Le jeudi 25 juin 1998 est restée gravé dans la mémoire collective kabyle, notamment celle de la jeunesse. Ce jour-là marqua tragiquement la fin d’un 20e siècle désastreux et jeta brutalement un voile funèbre sur la Kabylie, l’Algérie et au-delà pour faire planer un frisson épouvantable d’inquiétude et d’indignation.
Matoub Lounès, artiste et militant de la cause amazighe a déjà échappé à de graves attentats ou traquenards. En 1988, il fût grièvement blessé par une rafale d’arme automatique tirée par la gendarmerie nationale de son pays.
Mais en ce mois de juin 1998 il n’y échappa pas : il est abattu sans pitié par une horde bestiale qui chasse en meute sous les ordres de sinistres personnes. Une horde qui ne lui a laissé aucune chance de s’en sortir.
Encore plein de vie, de rêves et débordant de talent, Lounès Matoub regagnait tranquillement son domicile, accompagné de son épouse et de ses deux belles-sœurs, lorsque son véhicule fut pris sous un déluge de feu de kalachnikov.
Postés de façon professionnelle dans les talus surplombant un grand virage, plusieurs traitres armés arrosèrent de balles assassines la Mercedes noire du chanteur. En quelques minutes, ils mettent fin à la vie d’un artiste connu pour son engagement pacifique et sa voix insoumise. Avec effroi, la nouvelle a vite fait le tour du monde laissant son peuple sans voix.
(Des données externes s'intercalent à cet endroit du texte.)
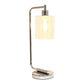 All The Rages Simple Designs Chrome Bronson Antique Style Industrial Iron Lantern Desk Lamp With Glass Shade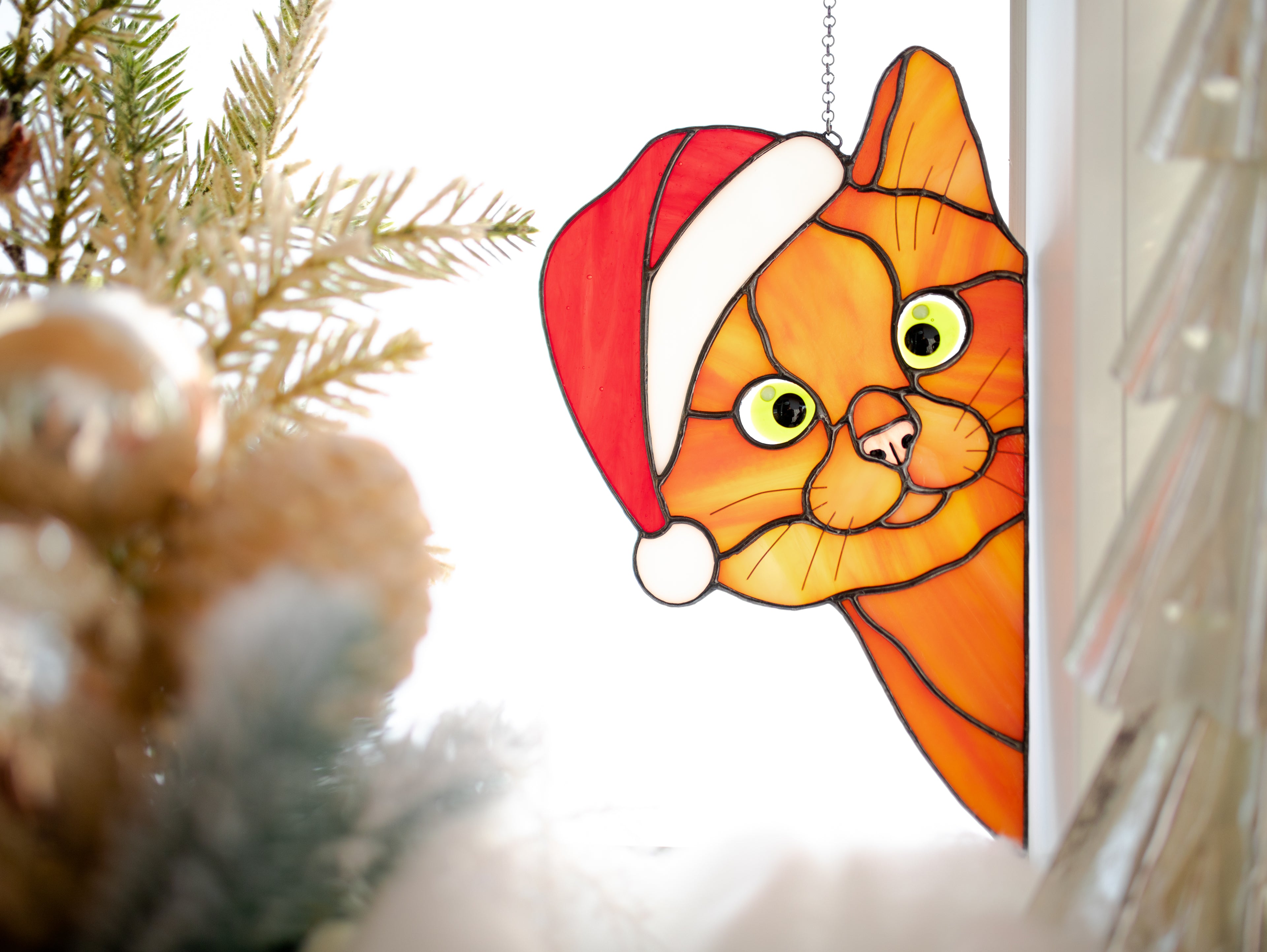Christmas decor Stained glass Kitty suncatcher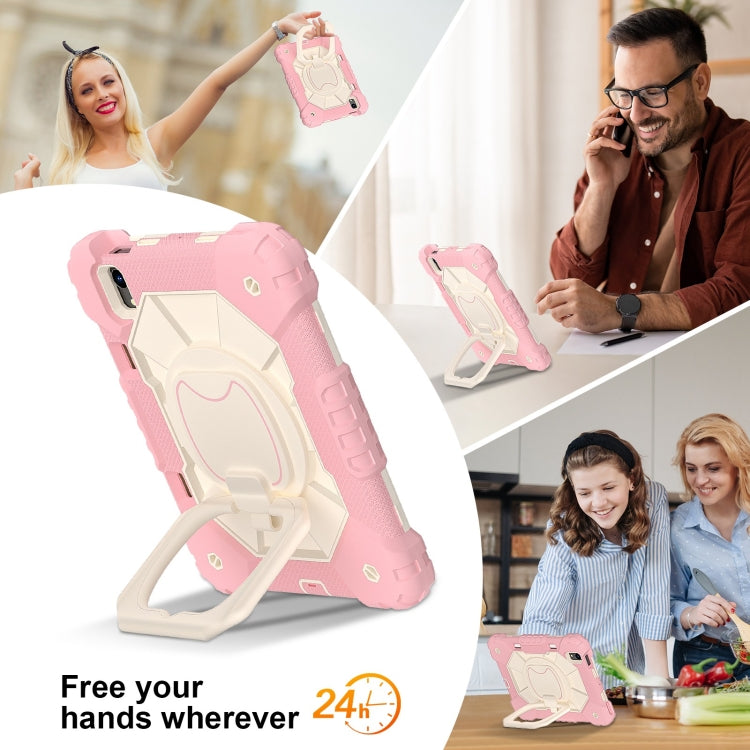 For iPad mini 2024 / mini 6 Contrast Color Robot Silicone Hybrid PC Tablet Case(Rose Gold Beige) - iPad mini 2024 Cases by buy2fix | Online Shopping UK | buy2fix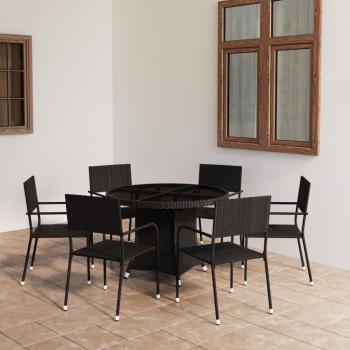 Juego de comedor para jardín 7 piezas ratán sintético negro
Son assassinat a plongé tout son peuple dans un choc traumatique sans précédent. Comment un homme, dont le seul « délit » était de chanter et de défendre son identité, pouvait-il être la cible d’un crime aussi odieux à quelques pas de son village, de son domicile ?!
La question reste toujours posée : Pourquoi a-t-on voulu faire taire cette voix si tendre, si chère aux jeunes et moins jeunes de son pays ? À ce jour, les supputations n’en finissent toujours pas, mais les certitudes manquent à l’appel.
Certains pointent du doigt les groupes armés islamistes, d’autres parlent de règlements de comptes politiques tandis que d’autres encore accusent le pouvoir d’où peuvent agir quelques éléments d’un clan maléfique.
Le contexte de fin de siècle était trouble, la décennie noire n’avait pas encore dit son dernier mot et les armes ne se sont pas définitivement tues. L’Algérie était encore marquée par un climat anxiogène et de violences incontrôlées.
Quelle que soit la réalité des faits, un constat s’impose : cet odieux assassinat n’a fait l’objet d’aucune enquête sérieuse et les commanditaires du crime coulent, à coup sûr, une vie tranquille à l’intérieur ou à l’extérieur du pays.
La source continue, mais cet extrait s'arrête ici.